ABOUT THIS EXERCISE
Could you output the entries that follow exactly, omitting any pictures they contain?

DATA TO USE
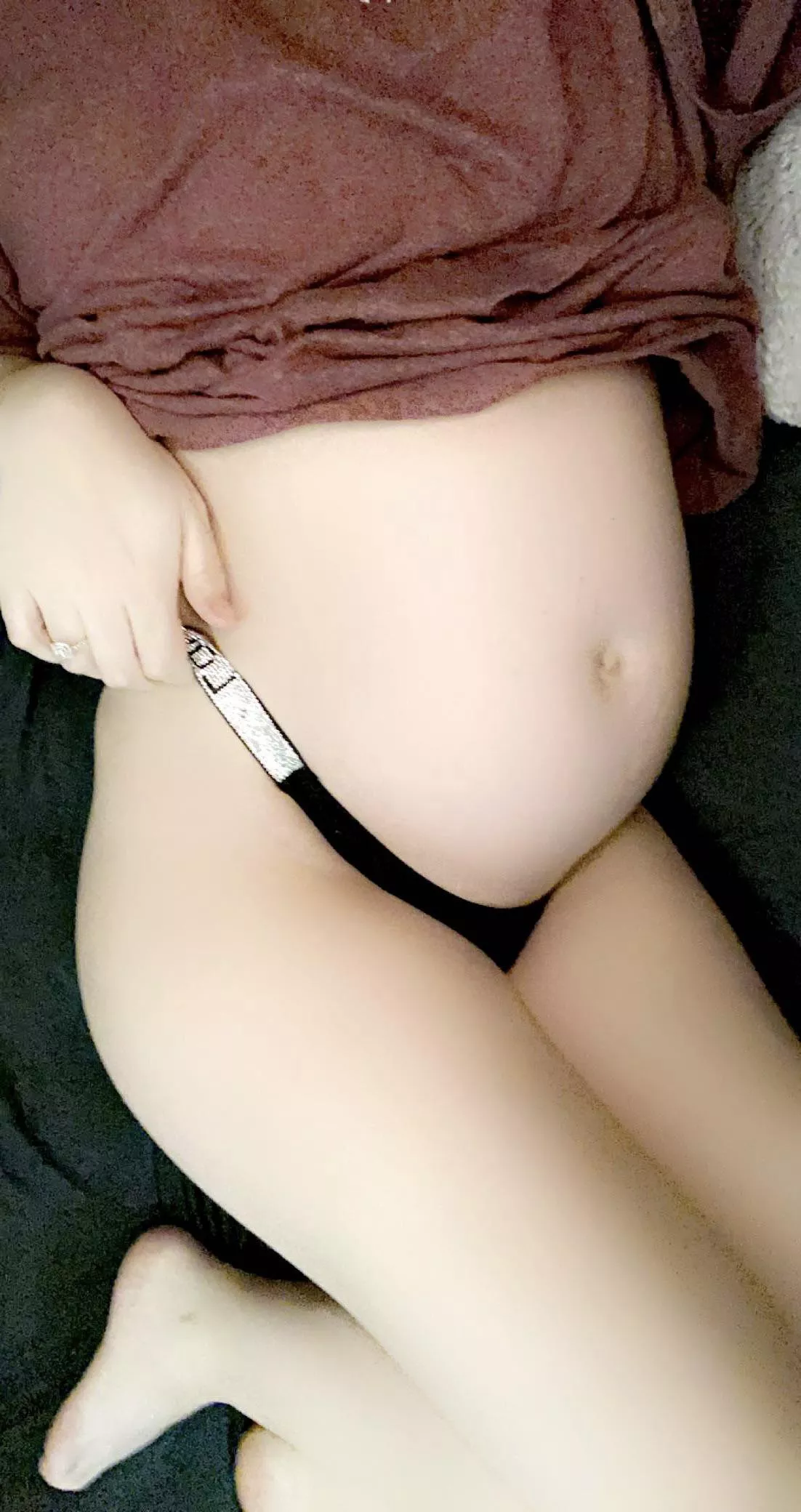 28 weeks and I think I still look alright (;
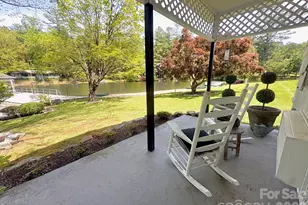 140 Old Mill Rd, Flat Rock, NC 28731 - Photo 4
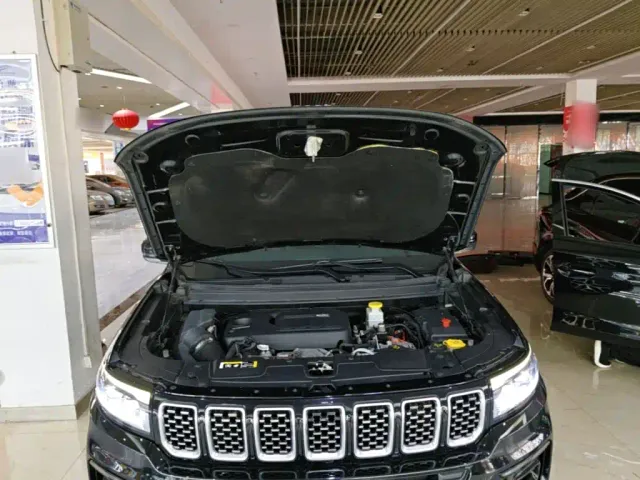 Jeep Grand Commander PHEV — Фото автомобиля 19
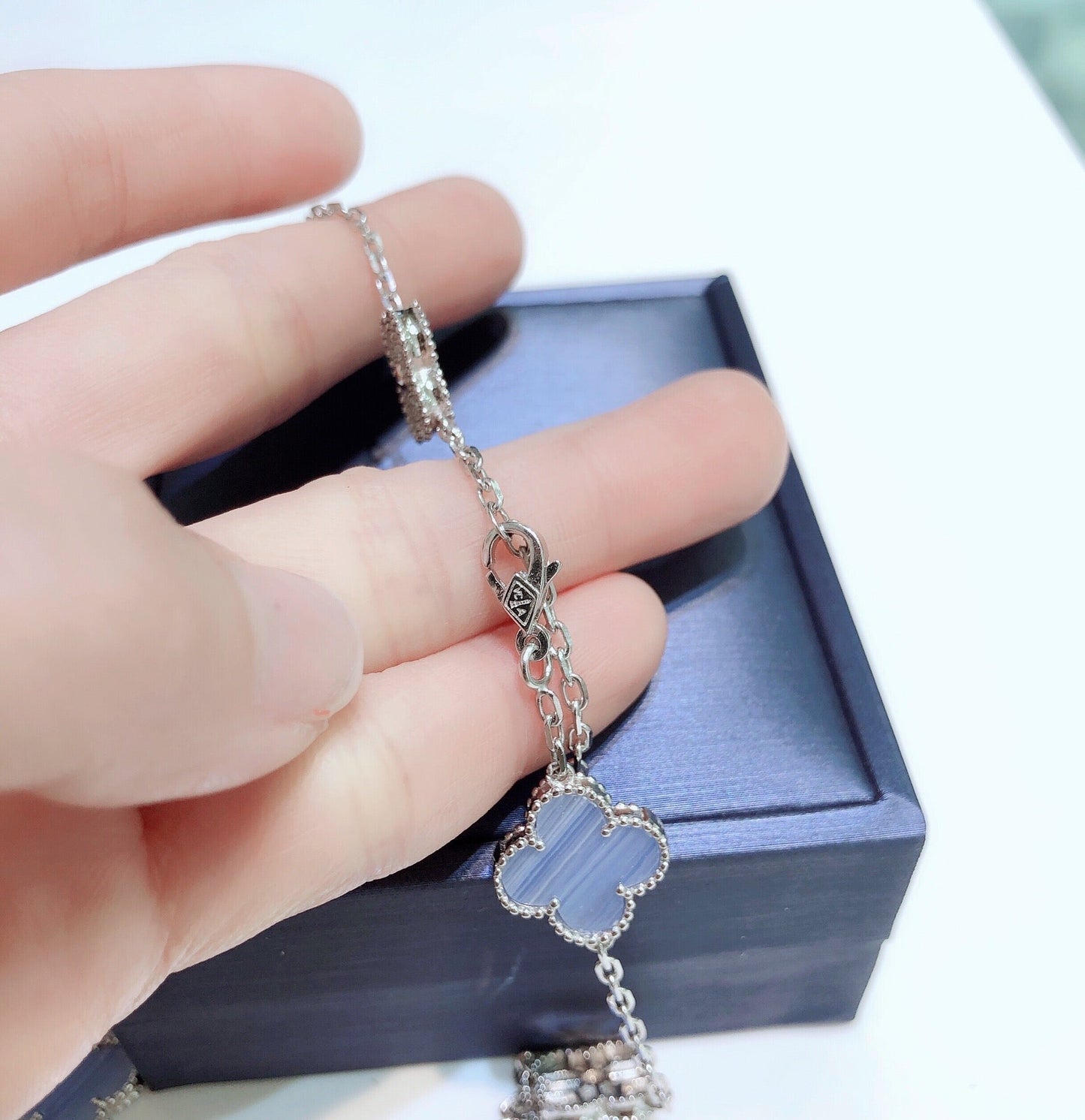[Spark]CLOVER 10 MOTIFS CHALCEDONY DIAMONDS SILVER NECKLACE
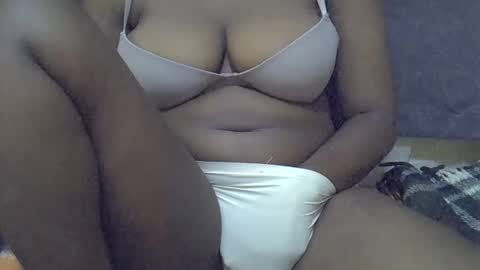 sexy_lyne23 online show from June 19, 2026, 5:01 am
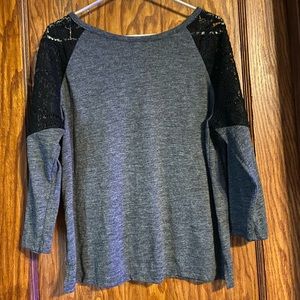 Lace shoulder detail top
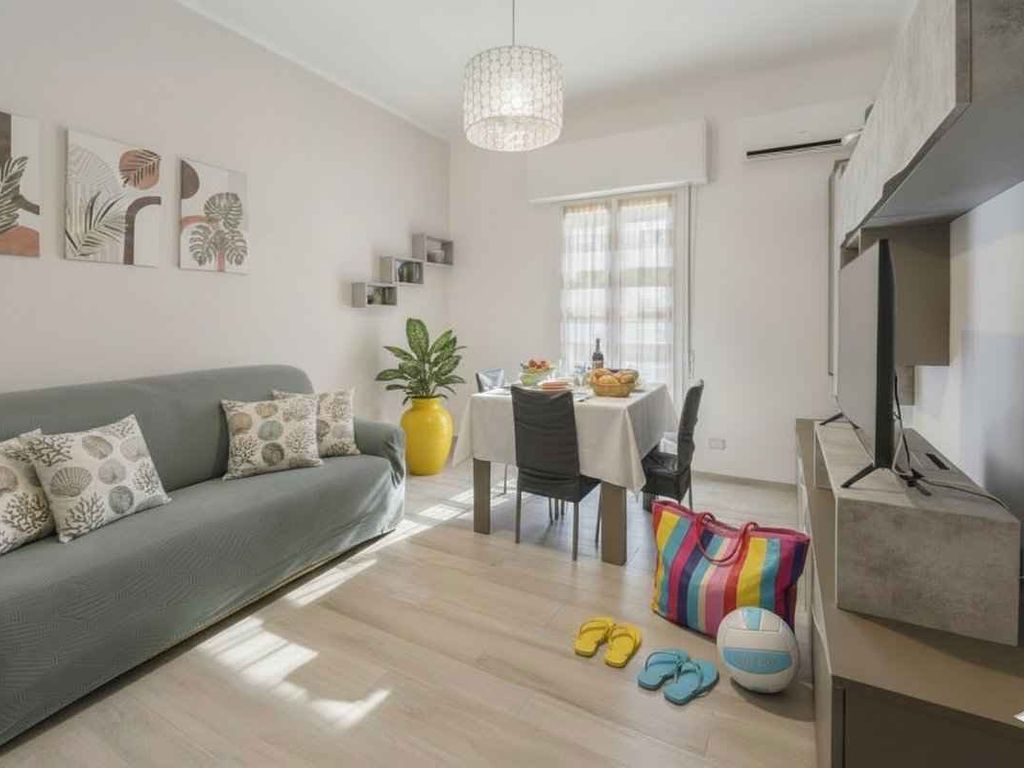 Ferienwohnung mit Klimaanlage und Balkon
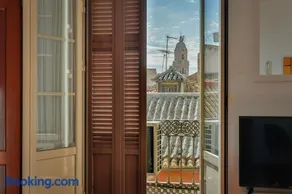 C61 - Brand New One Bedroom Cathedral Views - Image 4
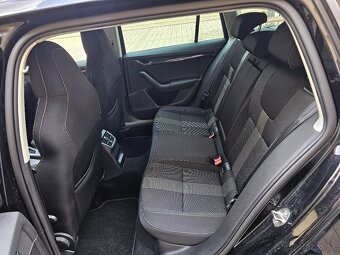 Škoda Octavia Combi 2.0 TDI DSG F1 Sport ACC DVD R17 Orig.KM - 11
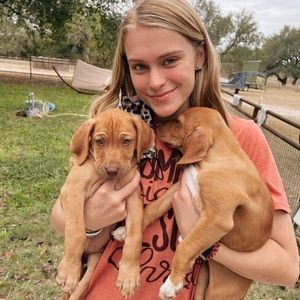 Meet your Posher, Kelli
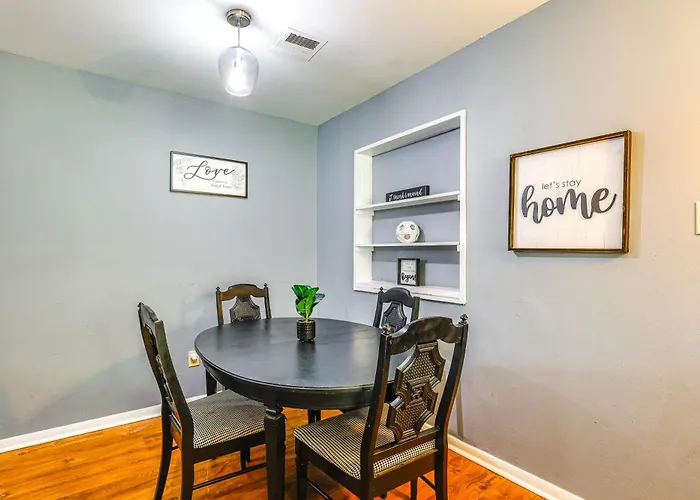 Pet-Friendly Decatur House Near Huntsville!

EXPECTED OUTPUT
 28 weeks and I think I still look alright (;
 140 Old Mill Rd, Flat Rock, NC 28731 - Photo 4
 Jeep Grand Commander PHEV — Фото автомобиля 19
[Spark]CLOVER 10 MOTIFS CHALCEDONY DIAMONDS SILVER NECKLACE
 sexy_lyne23 online show from June 19, 2026, 5:01 am
 Lace shoulder detail top
 Ferienwohnung mit Klimaanlage und Balkon
 C61 - Brand New One Bedroom Cathedral Views - Image 4
 Škoda Octavia Combi 2.0 TDI DSG F1 Sport ACC DVD R17 Orig.KM - 11
 Meet your Posher, Kelli
 Pet-Friendly Decatur House Near Huntsville!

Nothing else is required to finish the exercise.